Obama is now Pandering for President and has to deal with the "realpolitik" of the ground. Universal health-care is off the list. He still won't commit to an immediate end to the war. Surely St. Obama can maintain those high-mined ideals of "diplomacy" and "fair?:"
I know that many Obama supporters don't like to hear it, but Obama is getting the same useless and juvenile coverage the run up to the war got. The same pandering love-fest Bush and the Necons got, and most of us came to hate as we were pilloried by the press and the public for our anti-war stance. I can't watch MSNBC anymore as it's literally become the Good Obama vs the Evil Hillary network with out-right biased and taking-sides coverage from before New Hampshire.
Obama's Overlooked Cuba Speech
Michael C. Moynihan May 30, 2008
If you doubt that the big broadcast and print media outlets are, for the most, in the tank for Sen. Barack Obama (D-Ill.), quickly skim the transcript of the Democratic frontrunner’s speech in Miami last Friday. Obama travelled to Little Havana to engage in some election-year genuflection, that ritualistic demonstration of fealty to Cuban exiles performed by almost every presidential candidate since Fidel Castro took possession of the island in 1959. Obama pandered, the media swooned—and a few interesting policy shifts were curiously ignored.
And while the Obamobots obviously bask in the bubble, the bubble is there and it is obvious. Digby nails the phenomena at Hullaballo and I suggest reading the rather long post.

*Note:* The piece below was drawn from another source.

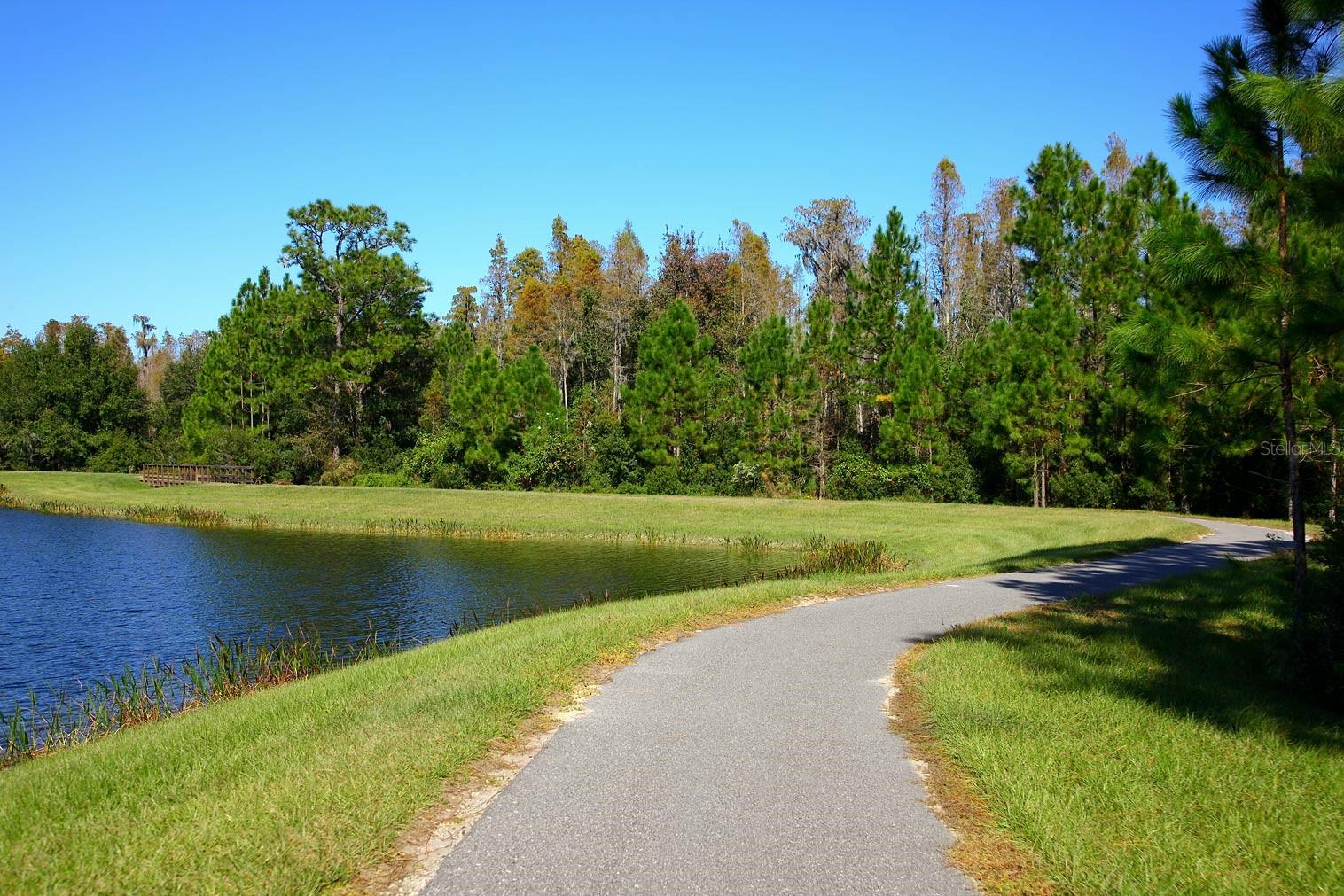 8108 PAINTED SKY PL, LAND O LAKES, FL, 34637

It was but one policy proposal—a good one, for sure—and the following day’s New York Times dispatch led with it: “Senator Barack Obama on Friday called for greater engagement with Cuba and Latin America, saying the long-standing policies of isolation have failed to advance the interests of the United States or help people who have suffered under oppressive governments.”The embargo hasn't done a damn thing since 1959. Just as wishing for magical flying ponies and unicorns has yet to bring one to any six-year-old girl in America. Further, our policy with just about everyone else (Russia, China) with a substantial market (ahhhhh....) to be exploited as, as we've all seen, been treated to an "open borders/free trade diplomacy.
Dig deeper into the speech—and the Times account—and you'll find that there are significant limits to Obama’s policies of engagement. During his 2004 Senate campaign Obama declared that it was "time for us to end the embargo with Cuba.... It's time for us to acknowledge that that particular policy has failed." But Cubans don’t influence Illinois senate races like they do Florida presidential contests. And while another Times article declared that “Change Comes to Miami,” the real news is that Obama is merely interested in tinkering with America’s Cuba policy, not substantially changing it.

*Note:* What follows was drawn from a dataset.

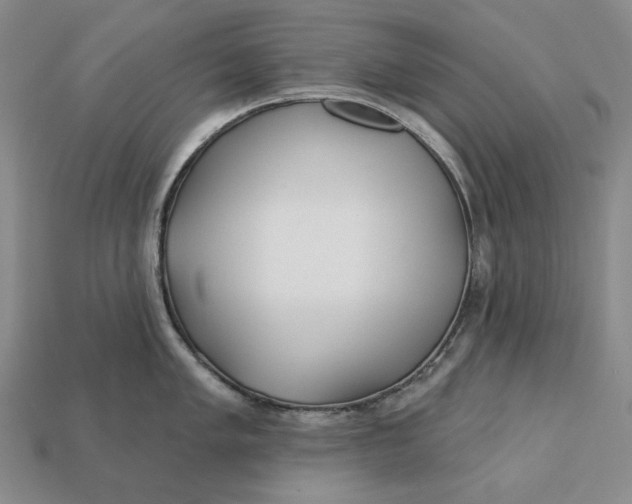 X0000113121005200909181645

“I will maintain the embargo,” he said to cheers from CANF members. “It provides us with the leverage to present the regime with a clear choice: if you take significant steps toward democracy, beginning with the freeing of all political prisoners, we will take steps to begin normalizing relations. That’s the way to bring about real change in Cuba—through strong, smart and principled diplomacy.”
Yet Obama's magical flying pony of diplomacy towards, Presidential Pandering Edition, Cuba means more of McSame:
And while accusing Sen. John McCain (R-Ariz.) of wanting to continue the current administration’s failed Cuba policy, Obama told the crowd that he could be counted on as supporting another failed policy—the drug war. “When I am President, we will continue the Andean Counter-Drug Program” with Colombia, though he recently opposed the passage of a free-trade agreement with the country. (Speaking of Obama’s skills as a soft-power diplomat, President Uribe responded to Obama’s opposition to the free trade agreement by saying that he “deplored” Obama’s position.)A policy that really isn't that much different than his own.
Also noted is that Obama clearly lacks the wit, or perhaps spine, to get rid of this idiotic "war on drugs." A policy that doesn't work, hasn't worked for nearly 30-years, and has us incarcerating more people than China and Russia COMBINED.
So, "yes we can?" I don't see it. I see pandering and more of the same.